A small borrowed LCD television rested on an overturned, clear Sterilite storage bin. Barstools with weathered, dark purple pleather seats sourced from a free pile of furniture outside a remodeled Taco Bell in Florida stood beneath the window. They’ve got a kitchen table, and they are also borrowing their only other chair, a cushy papasan. We sat on the blue sectional they bought from Out of the Closet on Pike Street. Life feels entirely different without the constant fear of homelessness.

“When it got so close to that happening when I got here, that messed me up really bad,” he said. “Living here is a lot nicer. When I leave in the evening, I have a place to go home to, and no one is going to walk into my place that I’m not aware of.”

The month-long search for an affordable apartment came down to the wire; again, Michael worried he’d have to live in his car. The landlord texted Michael an application at 11:30 pm and, like a bizarre time trial, asked him and Jesse to fill it out “day of” if they wanted the place. They took that as midnight, and Michael only caught the text as he was setting an alarm before bed.

Seattle is his first city. The parking sucks more than he imagined, and paying for yearly tabs came as a surprise. For most of his life, he dreamt of living in New York City, but he never considered the noise and crowding. He prefers the quiet of nature and feels most content on hikes outside of town, when he can afford the trip. 

His savings dwindled to nothing, consumed by random and sudden expenses.
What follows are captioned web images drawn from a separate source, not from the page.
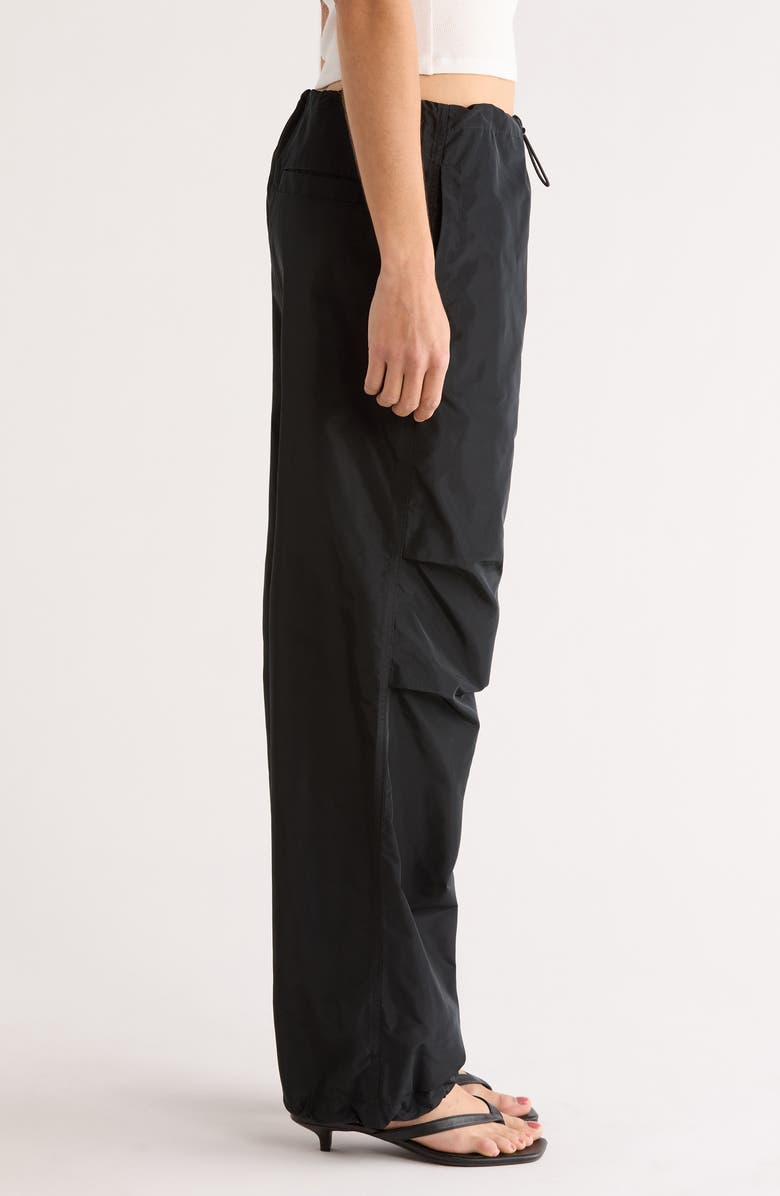 STAUD Dash Cinched Taffeta Pants, Alternate, color, Black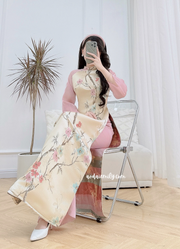 Taffeta Modern ao dai with spring patterns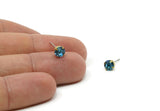 Brass Stud Earrings, 8 Aquamarine Crystal Rhinestone Beads Brass Stud Earrings Brass Setting for SS24 - 5.3mm SS24 D1302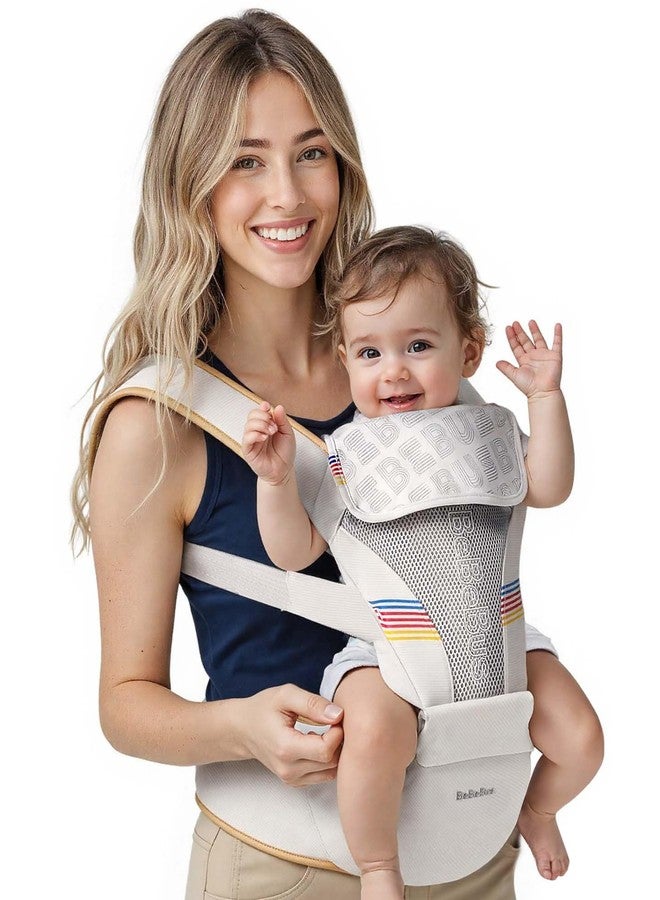 bebebus Baby Carrier with Hip Seat, BeBeBus 2-in-1 Ergonomic Newborn to Toddler Carrier up to 44 lbs, Detachable Hands-Free for Infant, All Season Forward-Facing Carry, Fits Waist Sizes up to 38 inch (White) - Image 1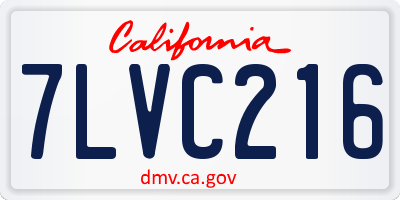CA license plate 7LVC216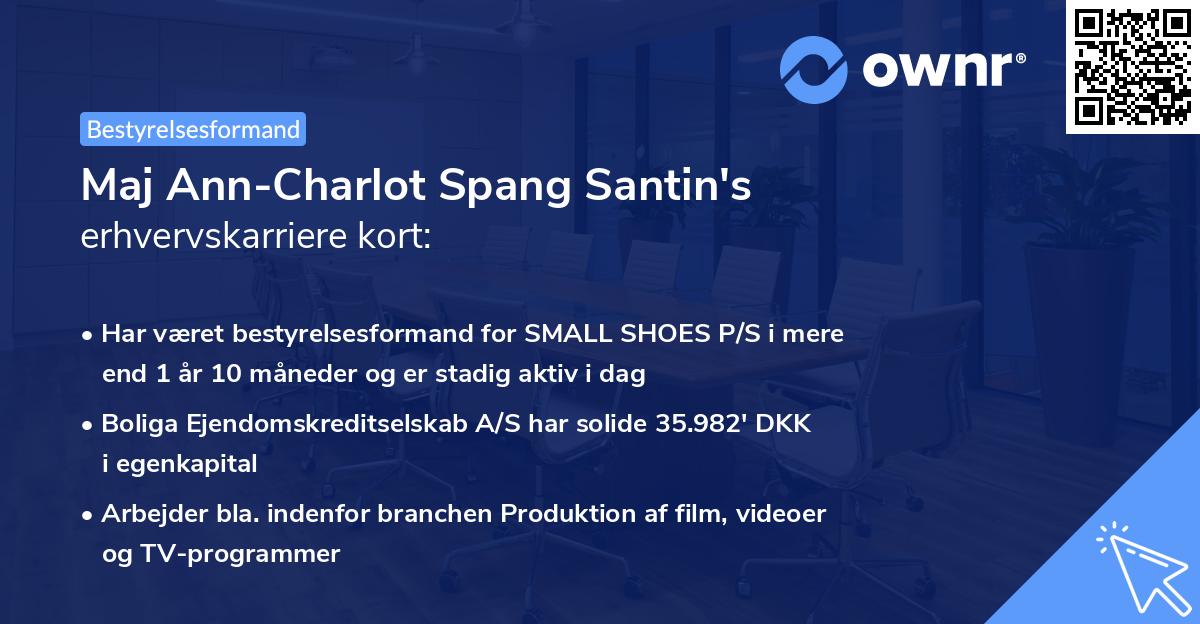 Maj Ann-Charlot Spang Santin's erhvervskarriere kort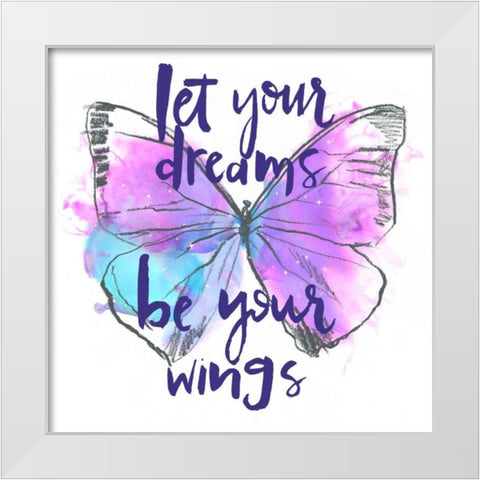 Butterfly Dreams I White Modern Wood Framed Art Print by Parker, Jennifer Paxton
Everytime he opens his bank account there’s less. He’s in a better place physically, but financially he’s still struggling. When we talked, he hadn’t eaten at a restaurant yet, and he had just splurged on a $100 bed frame from Amazon to replace a car mattress not made for hard floors. 
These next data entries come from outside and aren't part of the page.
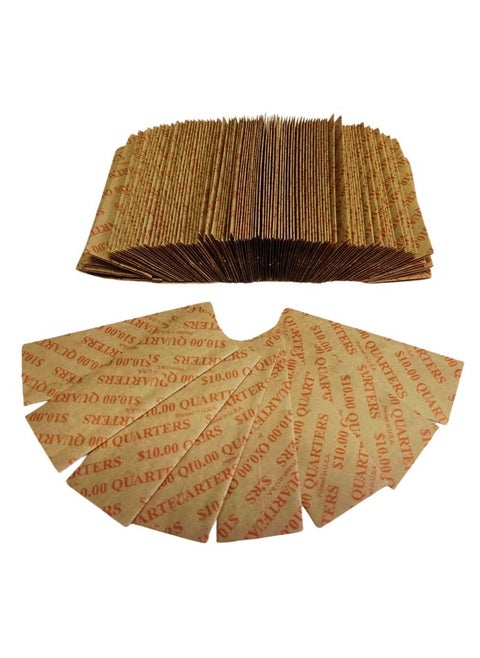 1000 Pcs Flat Quarters Coin Wrappers Rolls - Made In Usa - Bundle Of 1000 Quarter Coin Sleeves - Aba-Standard Colored Durable Made Of Kraft Paper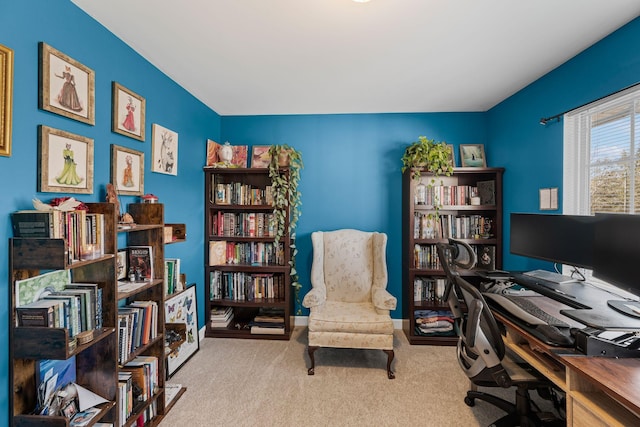 view of carpeted home office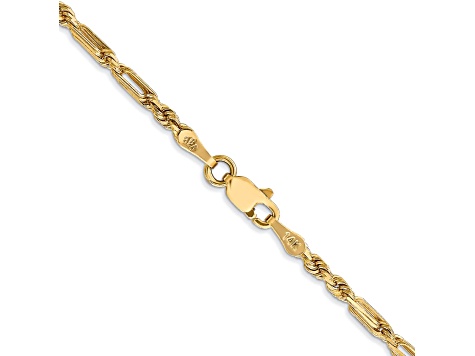 14k Yellow Gold 2.5mm Diamond-Cut Solid Milano Rope 16 Inch Chain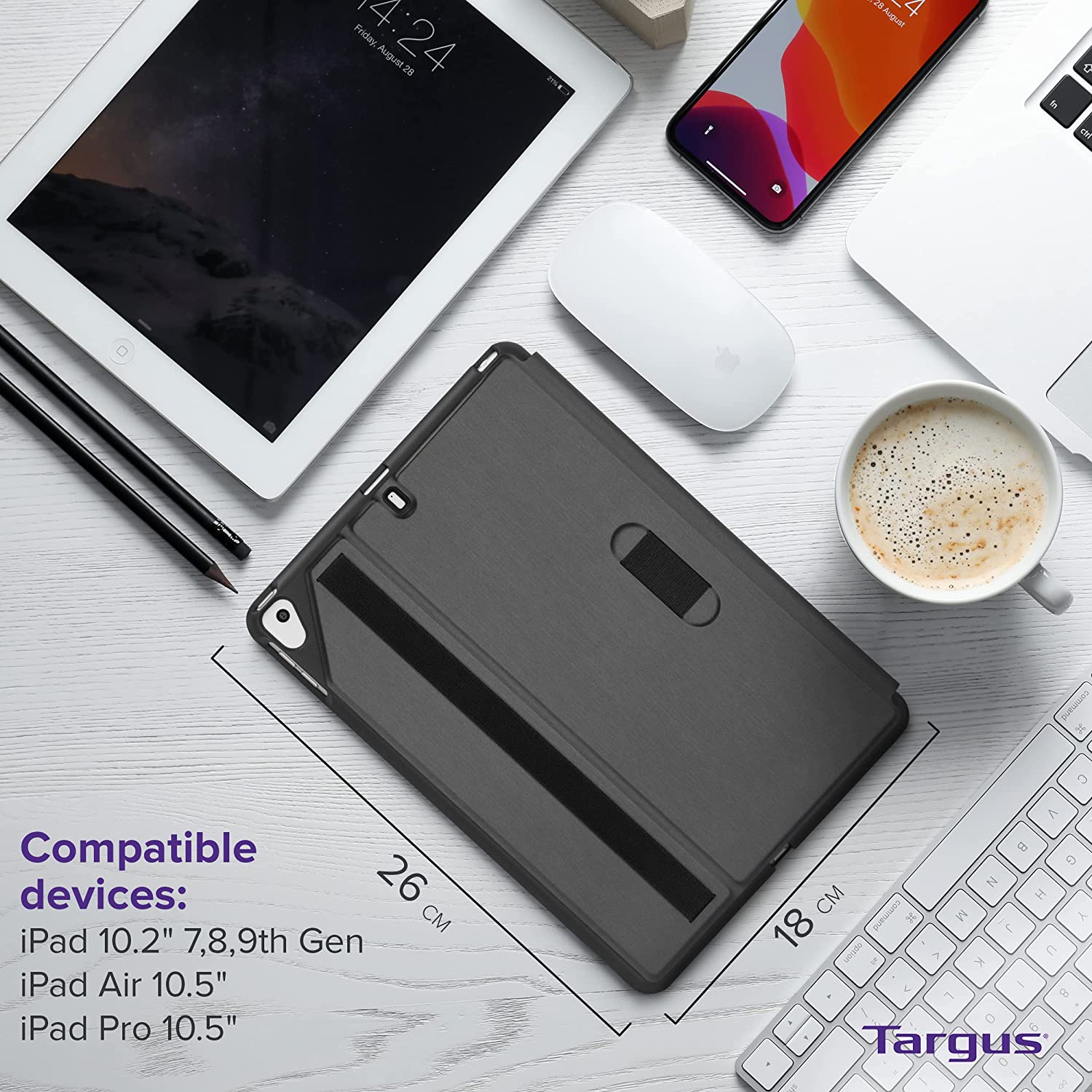 Targus Click-In Polyurethane, TPU Flip Cover for Apple iPad 10.2 Inch (7th, 8th, 9th Gen), iPad Air 10.5 Inch, iPad Pro 10.5 Inch (Integrated Holder for Apple Pencil, Black)_8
“I would love to hit someone up and go grab a drink at a bar, but I do not have the disposable money to do so,” he said.

Then there’s the loneliness. In Maryland, Michael was surrounded by people he’d known his entire life. Seattle is a solitary existence so far. He’s learning to enjoy his own company for the first time, often at Volunteer Park. On the bright side, his Seattle troubles are more normal than his troubles in Florida. “Just bad dates,” he said, like the Republican man who shared his conservative political opinions after Michael sent a screenshot of his response to homophobic comments on Facebook. Overall, personal issues are easier to handle without the pressure of the impending legislation. 

Michael gets his hormones at Planned Parenthood, but he is on a waitlist for a primary care doctor. He has an intake appointment scheduled for November, which would have taken longer if his mother had not angrily confronted the office.
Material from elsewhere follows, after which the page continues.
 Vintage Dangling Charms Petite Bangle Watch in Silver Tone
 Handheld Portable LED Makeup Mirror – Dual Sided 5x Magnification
He feels safer than he did in Florida, but he keeps experiencing things he didn’t expect to in Seattle, like men with Trump hats walking into his job. His friends tell him about the transphobic slurs they hear at their jobs on Capitol Hill. All of his new trans and queer acquaintances struggle to pay bills. The twisted irony of Seattle being both safe and unaffordable is not lost on him. He believed Seattle, and by extension Washington, was supposed to be a safe place for trans people, but it still falls far short of equality. The city ends up feeling like another temporary home, because neither Michael nor Jesse can afford a rent hike.

Michael, who always wanted a kid, wondered aloud if having a child as a trans parent is a good idea. He doesn’t see a positive future for trans people, and he sees only an uncertain path for himself. He said he doesn’t know where he’ll be this time next year. If he stays in Washington, he’ll look for a cheaper apartment in the suburbs. He’s considering moving back home, or out of the country if Republicans introduce anti-trans legislation at the national level. There’s more he doesn’t know. Planning a life, any life, feels impossible right now.

“I think it’s very much, sadly, a big piece of the trans experience in today’s world that we’re all having to have that exit plan in the back of our minds like–if things get worse, where can I go?”